Work to be completed.
Pull each line containing "Solutions" from the data.

Data records.
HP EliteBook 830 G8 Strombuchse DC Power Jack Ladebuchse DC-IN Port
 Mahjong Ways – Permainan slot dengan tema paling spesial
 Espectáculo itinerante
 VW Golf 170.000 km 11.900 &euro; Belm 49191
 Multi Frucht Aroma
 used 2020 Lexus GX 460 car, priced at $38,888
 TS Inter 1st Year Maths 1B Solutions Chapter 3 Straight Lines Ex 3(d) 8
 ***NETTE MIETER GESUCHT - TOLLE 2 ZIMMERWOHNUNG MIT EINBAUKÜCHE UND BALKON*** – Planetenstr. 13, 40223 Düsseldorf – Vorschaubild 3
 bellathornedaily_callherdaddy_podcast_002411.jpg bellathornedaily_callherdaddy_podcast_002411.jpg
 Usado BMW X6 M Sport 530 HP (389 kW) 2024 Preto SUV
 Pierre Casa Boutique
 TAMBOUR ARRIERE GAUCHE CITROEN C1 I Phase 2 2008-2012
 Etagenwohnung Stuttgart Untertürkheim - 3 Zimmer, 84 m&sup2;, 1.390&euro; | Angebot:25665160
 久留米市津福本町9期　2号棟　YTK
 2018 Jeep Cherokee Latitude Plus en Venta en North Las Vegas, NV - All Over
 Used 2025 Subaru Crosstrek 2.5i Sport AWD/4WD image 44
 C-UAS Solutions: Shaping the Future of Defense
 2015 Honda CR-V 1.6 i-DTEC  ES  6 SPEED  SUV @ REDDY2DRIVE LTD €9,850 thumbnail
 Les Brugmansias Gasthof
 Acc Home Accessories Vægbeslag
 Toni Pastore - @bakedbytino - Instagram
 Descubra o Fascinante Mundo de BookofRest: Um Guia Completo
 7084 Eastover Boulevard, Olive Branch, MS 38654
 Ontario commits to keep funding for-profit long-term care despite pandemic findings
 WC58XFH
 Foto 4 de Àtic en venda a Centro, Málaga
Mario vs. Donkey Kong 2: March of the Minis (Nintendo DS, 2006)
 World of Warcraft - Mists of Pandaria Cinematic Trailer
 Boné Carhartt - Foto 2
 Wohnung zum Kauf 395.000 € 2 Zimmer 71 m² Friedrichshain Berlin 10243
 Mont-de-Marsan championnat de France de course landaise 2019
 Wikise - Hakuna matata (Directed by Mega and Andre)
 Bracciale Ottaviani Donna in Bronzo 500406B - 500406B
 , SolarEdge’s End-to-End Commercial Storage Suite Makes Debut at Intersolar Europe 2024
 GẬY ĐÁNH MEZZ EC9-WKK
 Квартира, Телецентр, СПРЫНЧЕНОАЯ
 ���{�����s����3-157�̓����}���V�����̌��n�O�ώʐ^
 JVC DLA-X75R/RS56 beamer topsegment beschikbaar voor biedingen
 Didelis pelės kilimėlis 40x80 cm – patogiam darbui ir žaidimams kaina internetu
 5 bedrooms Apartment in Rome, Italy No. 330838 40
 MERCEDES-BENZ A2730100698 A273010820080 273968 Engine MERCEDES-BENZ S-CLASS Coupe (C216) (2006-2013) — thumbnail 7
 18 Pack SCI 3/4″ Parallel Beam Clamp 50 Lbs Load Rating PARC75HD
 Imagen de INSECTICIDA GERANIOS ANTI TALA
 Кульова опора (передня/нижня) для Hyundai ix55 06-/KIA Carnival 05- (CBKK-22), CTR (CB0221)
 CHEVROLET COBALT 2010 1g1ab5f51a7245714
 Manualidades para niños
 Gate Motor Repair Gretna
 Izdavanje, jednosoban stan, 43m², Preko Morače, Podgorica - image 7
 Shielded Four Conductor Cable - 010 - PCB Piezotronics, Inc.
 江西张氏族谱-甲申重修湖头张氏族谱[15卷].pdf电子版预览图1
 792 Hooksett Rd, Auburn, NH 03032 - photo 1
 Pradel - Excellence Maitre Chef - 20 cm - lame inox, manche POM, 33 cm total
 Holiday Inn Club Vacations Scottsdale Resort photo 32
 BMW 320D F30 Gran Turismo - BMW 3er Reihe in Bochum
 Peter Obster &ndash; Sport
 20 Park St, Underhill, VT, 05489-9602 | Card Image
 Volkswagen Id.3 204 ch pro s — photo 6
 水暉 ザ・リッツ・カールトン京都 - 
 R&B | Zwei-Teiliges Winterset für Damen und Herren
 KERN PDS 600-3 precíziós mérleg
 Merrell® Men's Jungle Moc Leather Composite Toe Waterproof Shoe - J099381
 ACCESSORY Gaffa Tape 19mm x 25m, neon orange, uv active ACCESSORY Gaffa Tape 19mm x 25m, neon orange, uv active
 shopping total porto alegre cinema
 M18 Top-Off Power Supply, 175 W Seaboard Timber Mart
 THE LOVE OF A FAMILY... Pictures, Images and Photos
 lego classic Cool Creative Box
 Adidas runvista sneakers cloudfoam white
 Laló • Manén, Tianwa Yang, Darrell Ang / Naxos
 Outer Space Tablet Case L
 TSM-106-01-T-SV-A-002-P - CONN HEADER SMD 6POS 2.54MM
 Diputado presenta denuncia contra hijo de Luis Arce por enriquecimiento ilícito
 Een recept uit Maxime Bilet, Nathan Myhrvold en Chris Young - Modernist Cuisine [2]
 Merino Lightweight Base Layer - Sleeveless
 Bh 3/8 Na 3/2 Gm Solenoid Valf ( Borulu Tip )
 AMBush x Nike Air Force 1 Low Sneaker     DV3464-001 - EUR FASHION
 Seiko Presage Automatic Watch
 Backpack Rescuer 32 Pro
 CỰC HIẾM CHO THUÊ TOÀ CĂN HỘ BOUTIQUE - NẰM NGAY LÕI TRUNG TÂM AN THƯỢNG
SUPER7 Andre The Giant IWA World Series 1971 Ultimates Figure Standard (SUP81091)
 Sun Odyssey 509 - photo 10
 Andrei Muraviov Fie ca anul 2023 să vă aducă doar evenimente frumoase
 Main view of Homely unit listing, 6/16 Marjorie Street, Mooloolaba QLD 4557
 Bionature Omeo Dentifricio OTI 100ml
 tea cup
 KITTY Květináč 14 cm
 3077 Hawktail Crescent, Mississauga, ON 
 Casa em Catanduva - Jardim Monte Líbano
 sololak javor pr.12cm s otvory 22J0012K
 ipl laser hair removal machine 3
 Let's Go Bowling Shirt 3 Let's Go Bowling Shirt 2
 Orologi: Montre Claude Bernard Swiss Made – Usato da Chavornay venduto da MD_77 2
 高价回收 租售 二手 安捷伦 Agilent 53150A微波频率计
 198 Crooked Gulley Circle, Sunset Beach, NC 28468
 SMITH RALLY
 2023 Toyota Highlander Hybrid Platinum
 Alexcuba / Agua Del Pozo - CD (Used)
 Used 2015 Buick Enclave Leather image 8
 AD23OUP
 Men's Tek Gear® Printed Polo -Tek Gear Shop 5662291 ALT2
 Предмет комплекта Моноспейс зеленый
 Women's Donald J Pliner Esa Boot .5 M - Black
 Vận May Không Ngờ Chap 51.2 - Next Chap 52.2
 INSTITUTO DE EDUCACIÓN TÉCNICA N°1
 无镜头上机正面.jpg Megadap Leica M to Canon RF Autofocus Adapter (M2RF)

Expected answer.
 TS Inter 1st Year Maths 1B Solutions Chapter 3 Straight Lines Ex 3(d) 8
 C-UAS Solutions: Shaping the Future of Defense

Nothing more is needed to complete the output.